Курцио Малапарте - Капут
— Я очень люблю его, — произнесла Анна-Мария.
— Если вы верите, что это может изменить ход войны — сказал Анфузо со странным выражением лица и краснея.
Анна-Мария улыбнулась и посмотрела на Анфузо: «Вы ведь тоже очень его любите, не так ли, Филиппо?»
— Я, конечно, очень его люблю, — проговорил Анфузо, — но кому это нужно? Если бы я был его матерью, я дрожал бы за него.
— Почему же вы не дрожите сейчас, если вы его любите? — спросила Анна-Мария.
— У меня нет времени, я слишком занят тем, что дрожу за самого себя.
— А! Но что такое с вами со всеми сегодня? — спросила Лавиния. — Это война делает вас такими нервными?
— Война? — переспросил Анфузо. — Какая война? Людям наплевать на войну. Вы разве не видели огромные афиши, которые Муссолини распорядился развесить во всех магазинах и расклеить на стенах всех улиц? (Это были большие трехцветные афиши, на которых крупными буквами были напечатаны простые слова: «Мы ведем войну»). Он хорошо сделал, напомнив нам, что мы ведем войну, — добавил Анфузо, — а то никто больше об этом и не вспоминал.
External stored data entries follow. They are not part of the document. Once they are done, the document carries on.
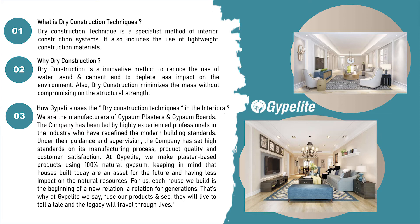Keeping in mind that houses built today are an asset for the future and having less impact on natural resources. For us, each house we build is the beginning of a new relation — a relation for generations. That's why at Jipolite we say: use our products and see, they will live to tell a tale, and the legacy will travel through lives.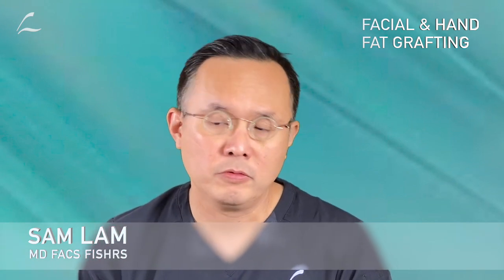Why use fat? Fat is all-natural — it's from your body. Fat lasts, and while there was a big contention about this many years ago, that is no longer a contention; fat has great survival. After a year or two, I've also seen some stem cell benefits where the skin looks a little better over time, but I try to de-emphasize that because I don't want to promise some kind of stem cell treatment. It's really just a nice extra benefit of fat grafting.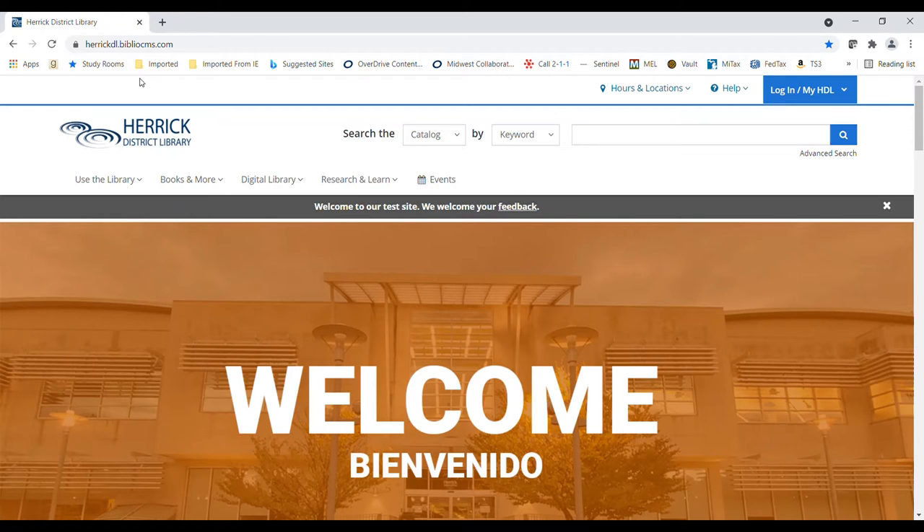This is Mary at Herrick District Library, and I work in the genealogy department here. I wanted to let you know about a database available from home right now for people who are interested in genealogy. Ancestry Library Edition, usually available only at the library, is now available from home because of COVID-19. As of right now, it's available through December of 2021.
— Состояние умов итальянского народа в этой войне действительно очень любопытно, — снова заговорил князь Отто фон Бисмарк.
— Я задаю себе вопрос, — продолжал Анфузо, — на кого Муссолини возложит всю ответственность, если война пойдет неудачно.
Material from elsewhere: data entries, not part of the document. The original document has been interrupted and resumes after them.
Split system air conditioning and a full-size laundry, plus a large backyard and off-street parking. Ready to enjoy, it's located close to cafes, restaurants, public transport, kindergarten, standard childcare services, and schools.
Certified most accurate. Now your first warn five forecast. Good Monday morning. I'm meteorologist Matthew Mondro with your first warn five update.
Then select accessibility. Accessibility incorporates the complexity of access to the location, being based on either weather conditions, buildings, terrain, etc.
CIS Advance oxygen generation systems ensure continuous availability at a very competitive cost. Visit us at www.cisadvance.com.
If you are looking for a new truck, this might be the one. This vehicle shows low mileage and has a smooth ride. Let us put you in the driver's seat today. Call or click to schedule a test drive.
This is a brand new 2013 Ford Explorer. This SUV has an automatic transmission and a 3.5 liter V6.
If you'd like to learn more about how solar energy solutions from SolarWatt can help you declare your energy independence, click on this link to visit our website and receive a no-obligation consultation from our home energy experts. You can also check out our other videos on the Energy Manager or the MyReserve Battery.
— На итальянский народ, — ответил я.
— Нет, Муссолини никогда не возлагает ответственности за что бы то ни было на большое количество голов, ему нужна всего лишь одна голова, одна из таких голов, которая, кажется, сделана нарочно для таких вещей… Он возложит ответственность на Галеаццо. Иначе, чему он может послужить, Галеаццо? Муссолини бережет его только для этого. Посмотрите на его голову: разве она не кажется вам изготовленной нарочно?
Мы все посмотрели на графа Чиано: у него была круглая, казалось, немного раздутая, немного слишком большая голова. «Слишком велика для его возраста», — съязвил Анфузо.
— Вы невыносимы, Филиппо, — возмутилась Анна-Мария.
— Я думал, что ты друг Галеаццо, — сказал я Анфузо.
— Галеаццо не нуждается в друзьях, он не хочет их иметь, он презирает их и относится к ним, как к лакеям, — продолжал Филиппо. И, смеясь, добавил: — Ему достаточно дружбы Муссолини.
— Муссолини его очень любит, не правда ли? — спросила Джоржетта.
— О! Да, очень, — ответил Анфузо. — В феврале 1941 года, во время неудачной греческой кампании, Галеаццо вызвал меня в Бари, чтобы поговорить о министерских делах. Это был момент очень трудный для Чиано. В это время он был подполковником, командовал эскадрильей бомбардировщиков в лагере Палезе возле Бари. Он был очень раздражен против Муссолини, называл его большим башмаком. Как раз в эти дни состоялась встреча в Бордигера, на которой Муссолини беседовал с Франко и Серрано Сунером. В последний момент Галеаццо, совсем готовый к отъезду, у которого уже чемодан был в руках, был оставлен дома. — Муссолини меня ненавидит! — заявил он мне. В этот же вечер Эдда телеграфировала ему, чтобы сказать, что старший из их детей, Фабрицио, серьезно заболел. Эта новость глубоко взволновала Галеаццо. Он заплакал и сказал мне: «Он меня ненавидит, ничего нельзя поделать, он меня ненавидит!» — Потом добавил: «Этот человек всегда приносил мне несчастье».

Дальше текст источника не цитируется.